8 April 2011. The new Comparing Maps page displays previews of schematic (official) and to-scale maps of currently 62 cities side by side.
4 April 2011. New RSS feed. After two attempts before 2009 to establish a Metrobits RSS feed using free mediator websites, this time it will probably be more reliable as it's fed directly from the database.
20 March 2011. All links throughout the website are now displayed with an underline. Web design gurus like Jakob Nielsen say it's more user friendly and makes navigation easier. Love it or loath it? -- don't hesitate to tell (you'll possibly have to hit Shift+Reload to see it).

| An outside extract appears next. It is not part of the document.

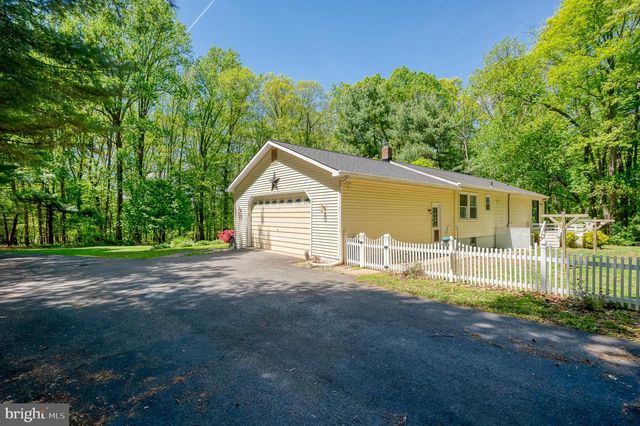 3919 EMRICK LN, Jarrettsville, MD 21084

2 March 2011. Major update as of 27 Febr 2011 by Jordi: new numerical data for the subways in Adana, Athens, Beijing, Bursa, Delhi, Guangzhou, Istanbul, Kazan, Kharkov, Kiev, Madrid, Milan, Novosibirsk, Pittsburgh, Saint Petersburg, San Francisco, Santiago, Shanghai, Shenzhen, Taipei.
19 Febr 2011. Metro maps at Metrobits! Thanks to a collaboration with cityrailtransit.com, we are now able to display map previews on some 137 of the city pages: neat real-distance maps of metro, subway, or LRT lines.
Also worth taking a look at are the line histories from cityrailtransit.com. They can be found in the Generated Links section of 155 of Metrobits' city pages. Cityrailtransit.com is a website about the subways of the world with a focus on maps, line histories (timelines) and galleries.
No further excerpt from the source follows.